### [WHAT YOU SHOULD DO]
Write out, please, each line from the one containing "Bangkok, Thailand - Feb" to the final line of the data, both included, exactly and without pictures.

### [STUDY MATERIAL]
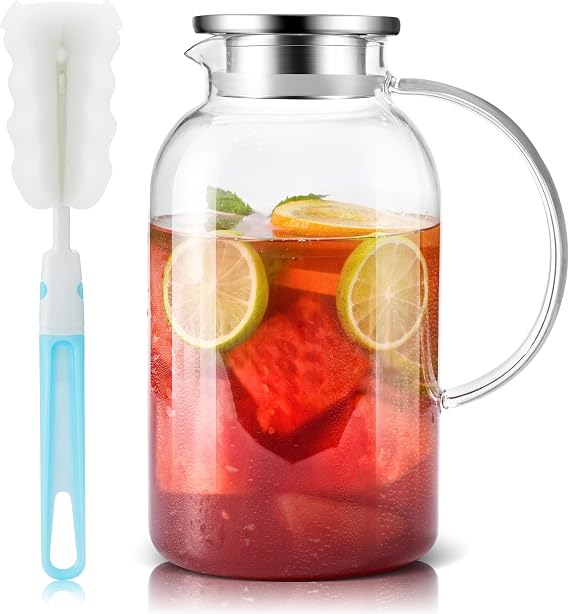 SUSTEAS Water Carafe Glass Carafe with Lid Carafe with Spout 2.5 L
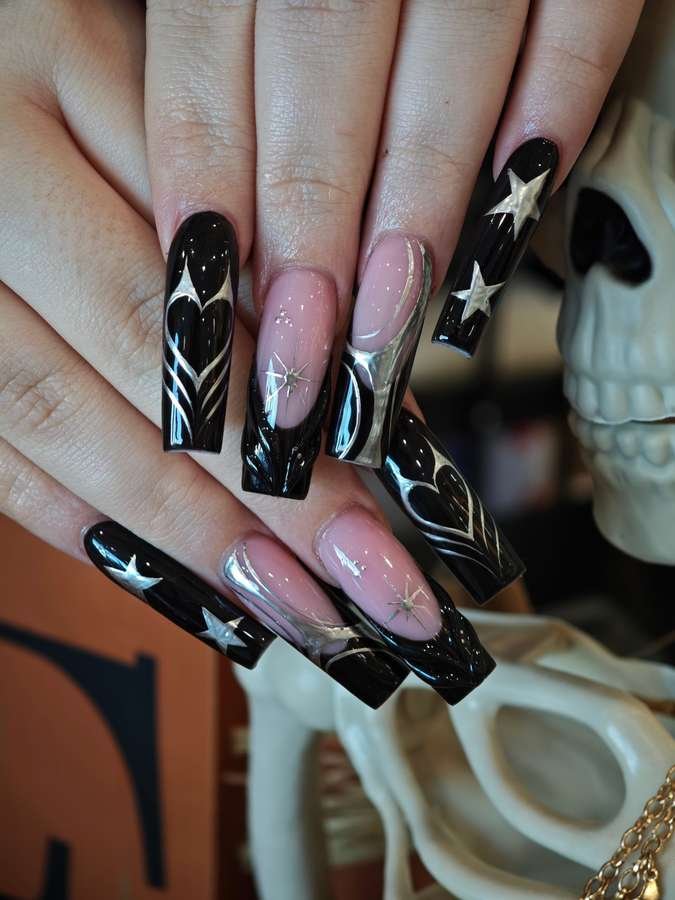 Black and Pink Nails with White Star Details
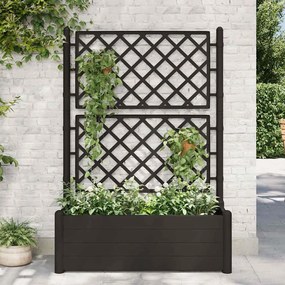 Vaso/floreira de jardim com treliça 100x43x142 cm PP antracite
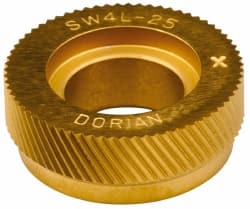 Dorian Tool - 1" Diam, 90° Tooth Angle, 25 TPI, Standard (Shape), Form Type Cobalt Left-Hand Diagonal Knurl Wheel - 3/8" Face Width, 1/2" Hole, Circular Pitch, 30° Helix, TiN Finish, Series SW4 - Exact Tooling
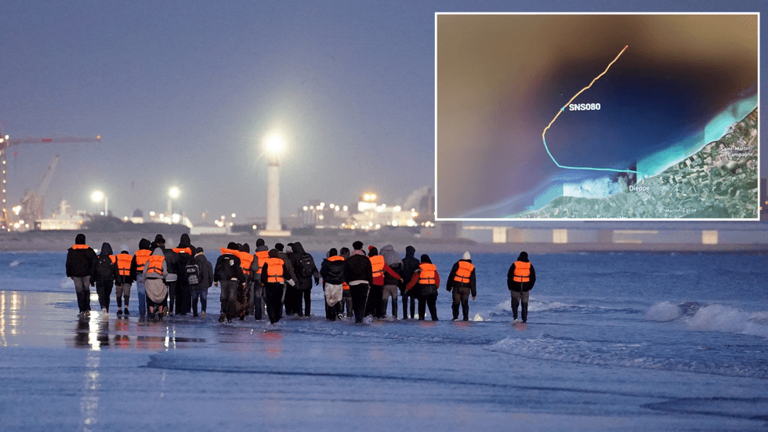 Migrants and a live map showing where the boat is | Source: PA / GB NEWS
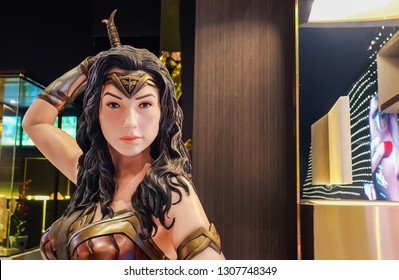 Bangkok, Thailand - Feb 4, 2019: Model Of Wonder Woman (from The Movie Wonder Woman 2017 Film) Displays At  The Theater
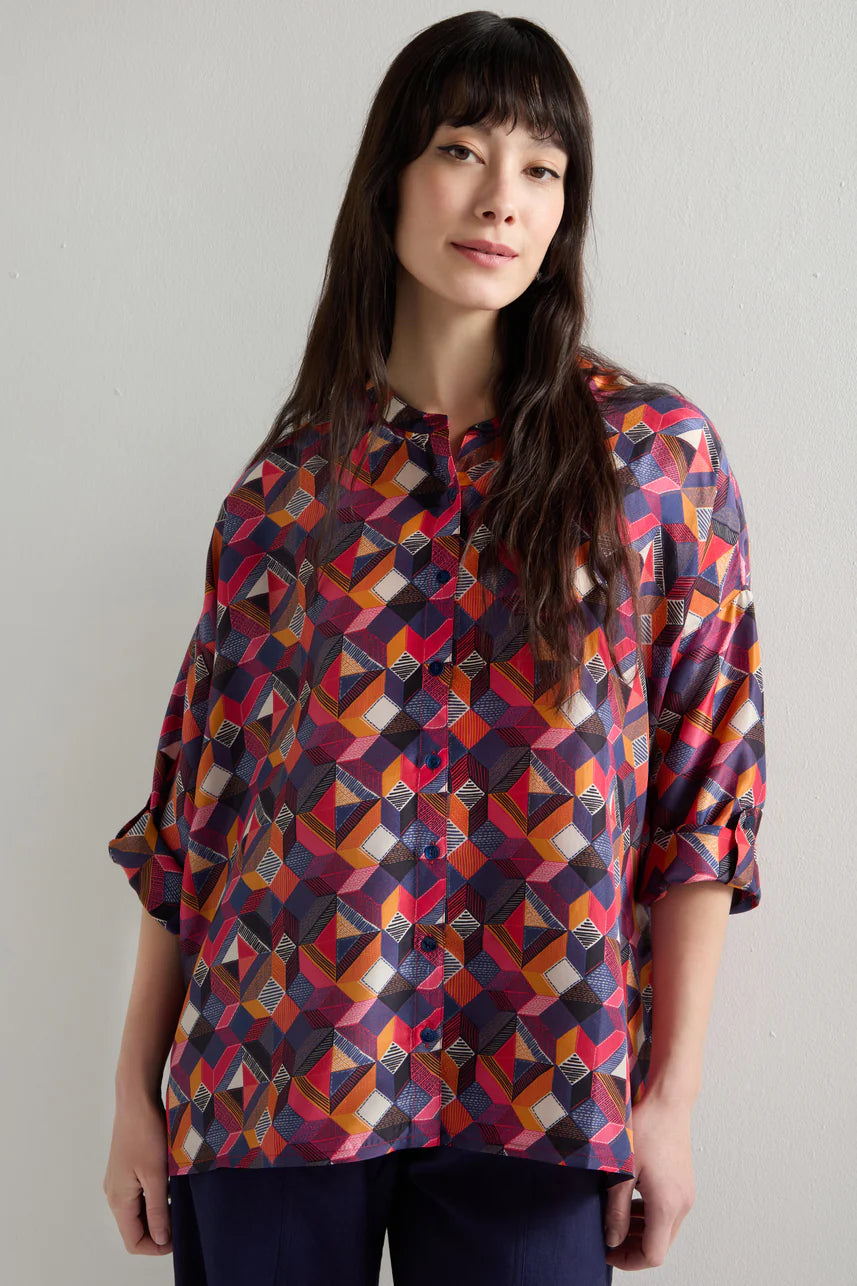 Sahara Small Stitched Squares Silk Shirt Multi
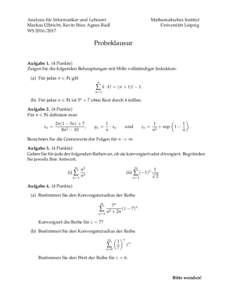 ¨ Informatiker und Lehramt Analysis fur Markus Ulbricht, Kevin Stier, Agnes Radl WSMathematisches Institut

### [PROBLEM SOLUTION]
 Bangkok, Thailand - Feb 4, 2019: Model Of Wonder Woman (from The Movie Wonder Woman 2017 Film) Displays At  The Theater
 Sahara Small Stitched Squares Silk Shirt Multi
 ¨ Informatiker und Lehramt Analysis fur Markus Ulbricht, Kevin Stier, Agnes Radl WSMathematisches Institut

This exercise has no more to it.